The industry has high expectations for entertainment, and regional mall owners, in particular, are looking for a strong performance.

Anyone who doubts the value of the entertainment-retail combination should visit The Forum Shops in Las Vegas, where an ever-changing, colored sky and talking statues add up to sales that reach, or exceed, $1,000 per sq. ft. With numbers like these, shopping center owners and developers, as well as investors, are taking a close look at the growth of entertainment retail, including current trends and outlooks.

An entertaining history Retail's current love affair with entertainment is the logical outgrowth of the specialty center and owes a debt to the amusement park, as well as places like Disneyland and the Six Flags parks. The nation has come a long way since the 1950s, when leisure spending meant saving money all year and then spending it on a two-week vacation or a few glorious days over a long weekend. Those who weren't too adept at saving always had the movies or some other local attraction to keep them amused. Those were the days when a trip to the local mall was an adventure in itself.

By the 1980s consumers had started to invest in leisure differently, spending more on activities rich in amusement or diversion value but requiring little time to enjoy. Instead of the former seven- to 14-day trips, overnight trips, long weekends at nearby hotels and resorts, and three-day cruises all became popular as disposable income and time became scarcer.

These changes in leisure spending, driven by concerns over job security and the time constraints imposed by an increasing number of two-income families, made traditional avenues of entertainment more difficult to schedule. (Interestingly, this time-short perception does not stem from working longer hours. According to the Bureau of Labor Statistics, Americans in 1996 are working 4.4 fewer hours per week than in 1960.)

The entertainment industry and retailers soon began to cater to the consumer's desire for instant amusement experiences, and leisure spending began to embrace things that could be done at home. Video games, video rentals, home entertainment centers and the like all made staying home and enjoying quality entertainment easier and more pleasant than ever before. Americans also exhibited a greater concern with their health, and jogging, walking and in-home exercise became popular activities.

While these trends were germinating, the amount of retail space in the United States outgrew its effective demand. For years, the quality of the shopping experience drove shopping center patronage. However, the discounting movement gradually evolved, and price supplanted almost all other considerations.

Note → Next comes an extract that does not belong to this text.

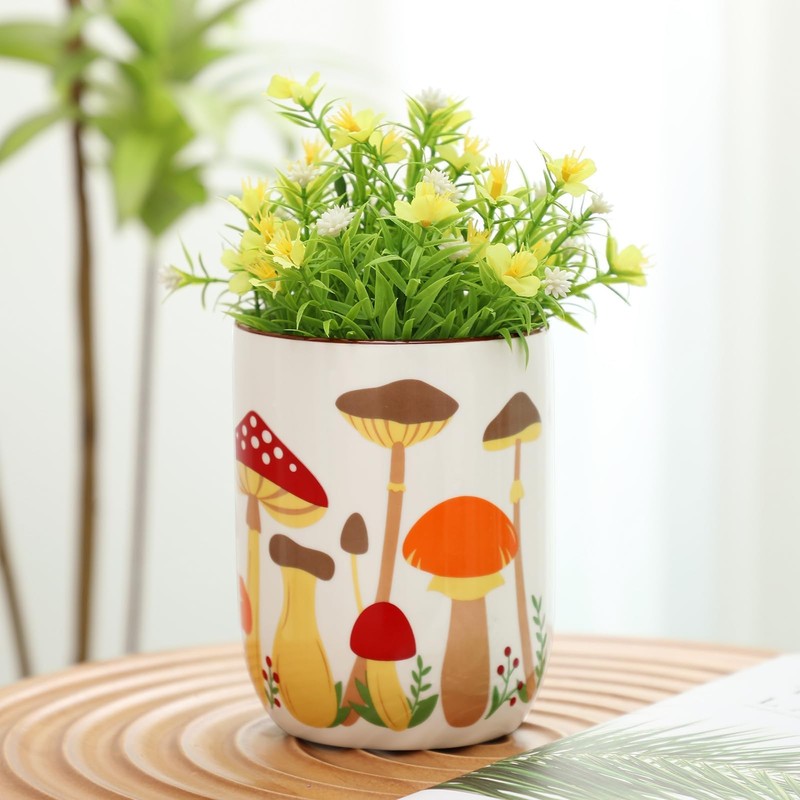Nefelibata Mushroom Ceramic Utensil Holder Rustic Functional Utensil Crock Kitchen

As price competition emerged, new forms of retail centers drew millions of customers away from "traditional" retailers, especially those in regional malls. With entertainment components, retailers hope to restore the totality of the shopping experience and rebuild the definition of value.

Is that entertainment? Even though there is no generally accepted definition of what constitutes entertainment in a retail setting, one can sneak up on an understanding of it by looking at some of the things people generally agree are entertaining. These can be a permanent part of a retail project or may be brought in for just a few days, weeks or months to build traffic. There is more to an entertainment center, however, than spotting a few attractions throughout the project.

The most frequently encountered version of the "pure" entertainment center consists of a multi-screen cinema; two or three high-atmosphere, "brand-name" restaurants; perhaps a night club or two; and an eclectic mix of tenants. Tenants are of local, regional and/or national repute and offer unique goods and services, or they present ordinary goods in a unique and entertaining way.

Virtually no expense is spared to create an architecturally compelling street scene for the entertainment center. Ambiance through imaginative architecture, sensitive site planning, and a liberal use of street performers, carts and kiosks completes a "value-added" environment.

Billions of dollars are being spent building new screens and better theaters, even as box office receipts remain flat. Money to build multi-screen theaters is there, thanks to Wall Street, and theater owners, compelled by the actions of their competitors, are in a mad rush to protect market share.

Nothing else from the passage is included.